Give back only the line containing "Apartman Romana Trogir Exterior foto" and every line after it through the end of the data below, transcribed exactly.

:: Records supplied

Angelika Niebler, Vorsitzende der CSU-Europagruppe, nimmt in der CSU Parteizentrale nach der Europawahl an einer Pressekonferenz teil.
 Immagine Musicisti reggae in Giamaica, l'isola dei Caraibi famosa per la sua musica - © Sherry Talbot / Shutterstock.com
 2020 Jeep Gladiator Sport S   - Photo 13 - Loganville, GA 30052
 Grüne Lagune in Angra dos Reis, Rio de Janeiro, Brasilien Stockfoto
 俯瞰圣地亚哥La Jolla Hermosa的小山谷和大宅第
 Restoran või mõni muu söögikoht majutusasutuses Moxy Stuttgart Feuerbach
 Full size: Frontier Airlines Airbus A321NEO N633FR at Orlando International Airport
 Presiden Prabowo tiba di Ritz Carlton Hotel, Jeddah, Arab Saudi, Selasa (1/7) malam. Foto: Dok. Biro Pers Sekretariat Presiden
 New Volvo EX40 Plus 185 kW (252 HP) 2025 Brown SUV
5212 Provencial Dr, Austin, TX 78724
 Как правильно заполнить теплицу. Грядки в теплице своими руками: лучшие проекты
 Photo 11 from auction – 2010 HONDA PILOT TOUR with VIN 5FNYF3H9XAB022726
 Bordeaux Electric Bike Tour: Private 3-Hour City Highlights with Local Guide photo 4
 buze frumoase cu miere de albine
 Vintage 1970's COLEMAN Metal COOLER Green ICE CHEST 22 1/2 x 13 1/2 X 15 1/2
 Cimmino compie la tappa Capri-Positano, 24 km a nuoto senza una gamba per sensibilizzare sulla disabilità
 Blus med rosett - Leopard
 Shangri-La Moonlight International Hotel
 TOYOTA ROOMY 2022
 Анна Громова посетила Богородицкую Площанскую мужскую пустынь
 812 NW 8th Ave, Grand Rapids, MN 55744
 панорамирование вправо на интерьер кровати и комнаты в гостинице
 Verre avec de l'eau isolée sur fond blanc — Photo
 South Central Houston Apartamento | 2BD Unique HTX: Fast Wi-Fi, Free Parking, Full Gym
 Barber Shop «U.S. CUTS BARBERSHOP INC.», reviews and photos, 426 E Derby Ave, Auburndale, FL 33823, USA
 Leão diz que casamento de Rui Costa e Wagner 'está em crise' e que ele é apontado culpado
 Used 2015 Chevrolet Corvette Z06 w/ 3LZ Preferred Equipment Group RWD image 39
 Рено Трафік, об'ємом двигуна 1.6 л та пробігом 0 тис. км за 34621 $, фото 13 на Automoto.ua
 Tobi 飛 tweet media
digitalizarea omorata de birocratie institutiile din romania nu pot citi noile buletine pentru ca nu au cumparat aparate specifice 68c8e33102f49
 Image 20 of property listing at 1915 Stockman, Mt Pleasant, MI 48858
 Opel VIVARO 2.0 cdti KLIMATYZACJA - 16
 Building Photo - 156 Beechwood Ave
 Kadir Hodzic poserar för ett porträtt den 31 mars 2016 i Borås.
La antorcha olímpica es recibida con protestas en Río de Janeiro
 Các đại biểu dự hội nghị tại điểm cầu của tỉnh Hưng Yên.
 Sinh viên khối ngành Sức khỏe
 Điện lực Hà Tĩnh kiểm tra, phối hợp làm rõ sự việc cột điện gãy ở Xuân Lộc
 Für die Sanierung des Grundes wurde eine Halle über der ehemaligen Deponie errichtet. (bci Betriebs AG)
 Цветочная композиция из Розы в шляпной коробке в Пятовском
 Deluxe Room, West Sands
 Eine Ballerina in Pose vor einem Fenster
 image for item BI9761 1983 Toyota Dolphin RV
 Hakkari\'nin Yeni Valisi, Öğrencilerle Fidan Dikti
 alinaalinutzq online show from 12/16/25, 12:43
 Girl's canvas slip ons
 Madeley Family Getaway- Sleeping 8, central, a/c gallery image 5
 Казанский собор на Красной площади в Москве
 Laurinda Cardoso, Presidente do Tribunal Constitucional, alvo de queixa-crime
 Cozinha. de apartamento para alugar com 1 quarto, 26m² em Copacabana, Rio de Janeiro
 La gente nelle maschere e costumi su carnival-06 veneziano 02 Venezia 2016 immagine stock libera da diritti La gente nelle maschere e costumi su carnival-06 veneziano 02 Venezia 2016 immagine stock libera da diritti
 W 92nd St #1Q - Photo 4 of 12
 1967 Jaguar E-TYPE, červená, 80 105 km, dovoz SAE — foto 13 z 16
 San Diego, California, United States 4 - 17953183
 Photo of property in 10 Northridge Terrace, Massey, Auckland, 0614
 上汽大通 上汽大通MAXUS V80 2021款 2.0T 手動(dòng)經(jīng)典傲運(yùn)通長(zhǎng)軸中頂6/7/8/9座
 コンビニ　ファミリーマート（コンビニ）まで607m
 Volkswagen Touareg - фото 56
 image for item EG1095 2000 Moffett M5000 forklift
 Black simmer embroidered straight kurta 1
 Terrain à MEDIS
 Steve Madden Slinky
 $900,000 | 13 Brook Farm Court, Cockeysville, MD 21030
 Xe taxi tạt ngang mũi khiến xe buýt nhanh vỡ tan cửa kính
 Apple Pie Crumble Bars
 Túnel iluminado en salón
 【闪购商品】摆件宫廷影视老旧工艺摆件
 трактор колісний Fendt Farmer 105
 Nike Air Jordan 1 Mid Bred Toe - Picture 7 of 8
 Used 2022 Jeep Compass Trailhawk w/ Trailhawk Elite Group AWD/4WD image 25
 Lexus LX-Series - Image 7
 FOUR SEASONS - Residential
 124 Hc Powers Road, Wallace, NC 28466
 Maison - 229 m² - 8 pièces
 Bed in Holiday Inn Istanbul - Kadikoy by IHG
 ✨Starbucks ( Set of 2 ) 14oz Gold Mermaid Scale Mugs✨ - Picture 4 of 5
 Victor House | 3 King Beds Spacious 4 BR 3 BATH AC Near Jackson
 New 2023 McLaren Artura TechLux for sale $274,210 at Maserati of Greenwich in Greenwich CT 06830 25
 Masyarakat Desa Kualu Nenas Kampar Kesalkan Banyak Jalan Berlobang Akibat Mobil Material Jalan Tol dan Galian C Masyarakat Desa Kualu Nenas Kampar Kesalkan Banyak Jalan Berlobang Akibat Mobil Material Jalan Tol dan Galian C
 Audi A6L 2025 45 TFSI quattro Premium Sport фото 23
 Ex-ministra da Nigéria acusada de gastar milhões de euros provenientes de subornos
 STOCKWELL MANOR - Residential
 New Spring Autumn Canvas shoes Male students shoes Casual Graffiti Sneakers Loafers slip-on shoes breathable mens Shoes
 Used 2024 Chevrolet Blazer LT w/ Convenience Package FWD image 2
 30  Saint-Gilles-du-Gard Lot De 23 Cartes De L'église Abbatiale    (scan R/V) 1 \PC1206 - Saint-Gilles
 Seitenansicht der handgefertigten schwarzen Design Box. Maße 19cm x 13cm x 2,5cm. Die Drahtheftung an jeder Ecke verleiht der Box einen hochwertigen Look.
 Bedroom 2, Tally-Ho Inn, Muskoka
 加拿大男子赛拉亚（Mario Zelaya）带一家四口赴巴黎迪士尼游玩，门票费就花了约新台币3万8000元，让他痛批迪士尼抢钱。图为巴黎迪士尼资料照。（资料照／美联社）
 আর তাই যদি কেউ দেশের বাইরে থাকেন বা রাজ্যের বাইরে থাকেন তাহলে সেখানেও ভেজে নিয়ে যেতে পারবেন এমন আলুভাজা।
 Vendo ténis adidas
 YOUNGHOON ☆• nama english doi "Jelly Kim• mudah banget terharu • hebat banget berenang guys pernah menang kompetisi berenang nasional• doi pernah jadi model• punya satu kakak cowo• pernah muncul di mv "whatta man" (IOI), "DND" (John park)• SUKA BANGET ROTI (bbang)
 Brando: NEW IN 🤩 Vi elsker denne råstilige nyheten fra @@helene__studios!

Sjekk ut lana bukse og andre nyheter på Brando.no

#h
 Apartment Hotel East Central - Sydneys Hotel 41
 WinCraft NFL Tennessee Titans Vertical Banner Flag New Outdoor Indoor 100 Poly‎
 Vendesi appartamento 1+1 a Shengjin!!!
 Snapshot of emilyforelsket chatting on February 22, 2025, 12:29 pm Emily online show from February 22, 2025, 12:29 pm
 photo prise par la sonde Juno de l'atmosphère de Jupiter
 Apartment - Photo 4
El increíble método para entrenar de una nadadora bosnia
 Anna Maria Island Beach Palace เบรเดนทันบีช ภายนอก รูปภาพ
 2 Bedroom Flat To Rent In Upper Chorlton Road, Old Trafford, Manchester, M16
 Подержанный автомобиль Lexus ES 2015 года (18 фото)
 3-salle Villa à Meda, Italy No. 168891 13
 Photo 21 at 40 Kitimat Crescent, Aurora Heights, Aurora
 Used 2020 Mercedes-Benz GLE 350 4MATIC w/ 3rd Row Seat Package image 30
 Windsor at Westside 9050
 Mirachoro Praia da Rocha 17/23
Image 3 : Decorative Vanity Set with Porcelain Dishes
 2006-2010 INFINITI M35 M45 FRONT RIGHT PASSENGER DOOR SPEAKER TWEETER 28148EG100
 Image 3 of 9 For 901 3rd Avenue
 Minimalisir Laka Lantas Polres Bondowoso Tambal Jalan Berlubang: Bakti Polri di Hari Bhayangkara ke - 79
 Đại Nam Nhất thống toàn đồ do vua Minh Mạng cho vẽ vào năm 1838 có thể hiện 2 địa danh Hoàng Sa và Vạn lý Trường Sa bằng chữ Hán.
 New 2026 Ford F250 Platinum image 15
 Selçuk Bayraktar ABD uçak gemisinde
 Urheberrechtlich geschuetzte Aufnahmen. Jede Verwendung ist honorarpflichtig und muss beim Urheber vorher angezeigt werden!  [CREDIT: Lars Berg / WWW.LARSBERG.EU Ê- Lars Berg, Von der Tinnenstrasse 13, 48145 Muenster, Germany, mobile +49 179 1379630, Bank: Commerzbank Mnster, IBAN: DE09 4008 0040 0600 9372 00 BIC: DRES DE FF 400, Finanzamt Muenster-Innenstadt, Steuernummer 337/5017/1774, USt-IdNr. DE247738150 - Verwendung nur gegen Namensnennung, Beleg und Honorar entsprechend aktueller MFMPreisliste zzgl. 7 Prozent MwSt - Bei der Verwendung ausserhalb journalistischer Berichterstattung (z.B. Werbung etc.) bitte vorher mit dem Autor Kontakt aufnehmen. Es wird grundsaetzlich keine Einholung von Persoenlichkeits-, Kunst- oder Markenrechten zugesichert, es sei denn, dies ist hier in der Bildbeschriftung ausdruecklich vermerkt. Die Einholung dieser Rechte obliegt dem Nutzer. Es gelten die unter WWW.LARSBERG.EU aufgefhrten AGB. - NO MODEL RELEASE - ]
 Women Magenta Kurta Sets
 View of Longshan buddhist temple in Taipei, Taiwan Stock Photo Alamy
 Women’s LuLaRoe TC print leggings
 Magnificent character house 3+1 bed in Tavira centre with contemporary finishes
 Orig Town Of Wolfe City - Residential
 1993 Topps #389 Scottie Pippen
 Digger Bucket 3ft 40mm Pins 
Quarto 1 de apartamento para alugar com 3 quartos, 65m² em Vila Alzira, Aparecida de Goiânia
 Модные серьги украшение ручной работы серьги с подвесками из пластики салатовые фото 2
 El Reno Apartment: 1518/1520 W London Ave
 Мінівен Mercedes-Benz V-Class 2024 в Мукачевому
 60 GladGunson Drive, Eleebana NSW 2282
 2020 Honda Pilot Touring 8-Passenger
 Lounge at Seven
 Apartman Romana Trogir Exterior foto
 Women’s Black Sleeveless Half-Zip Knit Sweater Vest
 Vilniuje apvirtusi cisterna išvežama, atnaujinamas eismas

::::

Reply ▸
 Apartman Romana Trogir Exterior foto
 Women’s Black Sleeveless Half-Zip Knit Sweater Vest
 Vilniuje apvirtusi cisterna išvežama, atnaujinamas eismas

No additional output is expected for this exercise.